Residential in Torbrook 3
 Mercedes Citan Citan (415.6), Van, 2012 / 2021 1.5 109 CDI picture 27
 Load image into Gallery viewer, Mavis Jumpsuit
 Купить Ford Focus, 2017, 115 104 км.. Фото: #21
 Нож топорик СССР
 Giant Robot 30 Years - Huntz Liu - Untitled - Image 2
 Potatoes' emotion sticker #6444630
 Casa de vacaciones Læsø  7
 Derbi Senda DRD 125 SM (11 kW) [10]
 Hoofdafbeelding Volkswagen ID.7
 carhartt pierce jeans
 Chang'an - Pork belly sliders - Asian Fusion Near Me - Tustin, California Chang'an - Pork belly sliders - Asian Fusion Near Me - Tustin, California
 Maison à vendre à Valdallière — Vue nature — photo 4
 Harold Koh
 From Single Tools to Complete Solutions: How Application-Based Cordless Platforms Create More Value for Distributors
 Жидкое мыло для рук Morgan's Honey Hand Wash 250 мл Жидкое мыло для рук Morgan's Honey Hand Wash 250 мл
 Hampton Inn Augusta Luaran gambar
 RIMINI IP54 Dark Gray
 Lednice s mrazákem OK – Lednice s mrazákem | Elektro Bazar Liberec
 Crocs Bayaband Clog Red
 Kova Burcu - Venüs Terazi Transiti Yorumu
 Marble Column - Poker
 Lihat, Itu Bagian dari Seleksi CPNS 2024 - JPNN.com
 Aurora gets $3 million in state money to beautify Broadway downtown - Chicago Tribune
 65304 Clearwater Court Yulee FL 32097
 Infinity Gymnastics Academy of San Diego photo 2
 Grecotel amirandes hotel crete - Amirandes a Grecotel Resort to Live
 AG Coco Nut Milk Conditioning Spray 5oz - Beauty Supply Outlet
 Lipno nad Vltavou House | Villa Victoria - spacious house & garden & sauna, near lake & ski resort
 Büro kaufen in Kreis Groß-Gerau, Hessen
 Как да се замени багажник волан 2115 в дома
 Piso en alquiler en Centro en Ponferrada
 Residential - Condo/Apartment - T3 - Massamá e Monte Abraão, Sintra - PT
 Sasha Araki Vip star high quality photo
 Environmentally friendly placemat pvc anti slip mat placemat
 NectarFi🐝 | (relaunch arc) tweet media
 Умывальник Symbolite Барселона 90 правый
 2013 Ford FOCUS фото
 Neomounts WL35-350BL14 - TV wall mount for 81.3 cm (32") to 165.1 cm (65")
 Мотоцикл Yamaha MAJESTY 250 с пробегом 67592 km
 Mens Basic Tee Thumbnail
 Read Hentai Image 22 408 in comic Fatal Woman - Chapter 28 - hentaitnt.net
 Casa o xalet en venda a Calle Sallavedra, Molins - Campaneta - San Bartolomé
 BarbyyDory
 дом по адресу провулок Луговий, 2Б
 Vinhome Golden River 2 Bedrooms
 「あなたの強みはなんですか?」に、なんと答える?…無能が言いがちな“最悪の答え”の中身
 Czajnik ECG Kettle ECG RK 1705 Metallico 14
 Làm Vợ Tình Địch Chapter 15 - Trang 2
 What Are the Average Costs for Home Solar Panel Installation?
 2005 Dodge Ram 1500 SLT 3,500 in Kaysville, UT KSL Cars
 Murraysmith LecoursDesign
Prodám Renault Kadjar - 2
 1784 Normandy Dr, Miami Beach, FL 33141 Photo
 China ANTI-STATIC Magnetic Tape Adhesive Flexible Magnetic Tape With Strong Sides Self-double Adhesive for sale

— What you are asked to do —
All the records are to be transcribed exactly, with no line missing.

— Reply to the task —
Residential in Torbrook 3
 Mercedes Citan Citan (415.6), Van, 2012 / 2021 1.5 109 CDI picture 27
 Load image into Gallery viewer, Mavis Jumpsuit
 Купить Ford Focus, 2017, 115 104 км.. Фото: #21
 Нож топорик СССР
 Giant Robot 30 Years - Huntz Liu - Untitled - Image 2
 Potatoes' emotion sticker #6444630
 Casa de vacaciones Læsø  7
 Derbi Senda DRD 125 SM (11 kW) [10]
 Hoofdafbeelding Volkswagen ID.7
 carhartt pierce jeans
 Chang'an - Pork belly sliders - Asian Fusion Near Me - Tustin, California Chang'an - Pork belly sliders - Asian Fusion Near Me - Tustin, California
 Maison à vendre à Valdallière — Vue nature — photo 4
 Harold Koh
 From Single Tools to Complete Solutions: How Application-Based Cordless Platforms Create More Value for Distributors
 Жидкое мыло для рук Morgan's Honey Hand Wash 250 мл Жидкое мыло для рук Morgan's Honey Hand Wash 250 мл
 Hampton Inn Augusta Luaran gambar
 RIMINI IP54 Dark Gray
 Lednice s mrazákem OK – Lednice s mrazákem | Elektro Bazar Liberec
 Crocs Bayaband Clog Red
 Kova Burcu - Venüs Terazi Transiti Yorumu
 Marble Column - Poker
 Lihat, Itu Bagian dari Seleksi CPNS 2024 - JPNN.com
 Aurora gets $3 million in state money to beautify Broadway downtown - Chicago Tribune
 65304 Clearwater Court Yulee FL 32097
 Infinity Gymnastics Academy of San Diego photo 2
 Grecotel amirandes hotel crete - Amirandes a Grecotel Resort to Live
 AG Coco Nut Milk Conditioning Spray 5oz - Beauty Supply Outlet
 Lipno nad Vltavou House | Villa Victoria - spacious house & garden & sauna, near lake & ski resort
 Büro kaufen in Kreis Groß-Gerau, Hessen
 Как да се замени багажник волан 2115 в дома
 Piso en alquiler en Centro en Ponferrada
 Residential - Condo/Apartment - T3 - Massamá e Monte Abraão, Sintra - PT
 Sasha Araki Vip star high quality photo
 Environmentally friendly placemat pvc anti slip mat placemat
 NectarFi🐝 | (relaunch arc) tweet media
 Умывальник Symbolite Барселона 90 правый
 2013 Ford FOCUS фото
 Neomounts WL35-350BL14 - TV wall mount for 81.3 cm (32") to 165.1 cm (65")
 Мотоцикл Yamaha MAJESTY 250 с пробегом 67592 km
 Mens Basic Tee Thumbnail
 Read Hentai Image 22 408 in comic Fatal Woman - Chapter 28 - hentaitnt.net
 Casa o xalet en venda a Calle Sallavedra, Molins - Campaneta - San Bartolomé
 BarbyyDory
 дом по адресу провулок Луговий, 2Б
 Vinhome Golden River 2 Bedrooms
 「あなたの強みはなんですか?」に、なんと答える?…無能が言いがちな“最悪の答え”の中身
 Czajnik ECG Kettle ECG RK 1705 Metallico 14
 Làm Vợ Tình Địch Chapter 15 - Trang 2
 What Are the Average Costs for Home Solar Panel Installation?
 2005 Dodge Ram 1500 SLT 3,500 in Kaysville, UT KSL Cars
 Murraysmith LecoursDesign
Prodám Renault Kadjar - 2
 1784 Normandy Dr, Miami Beach, FL 33141 Photo
 China ANTI-STATIC Magnetic Tape Adhesive Flexible Magnetic Tape With Strong Sides Self-double Adhesive for sale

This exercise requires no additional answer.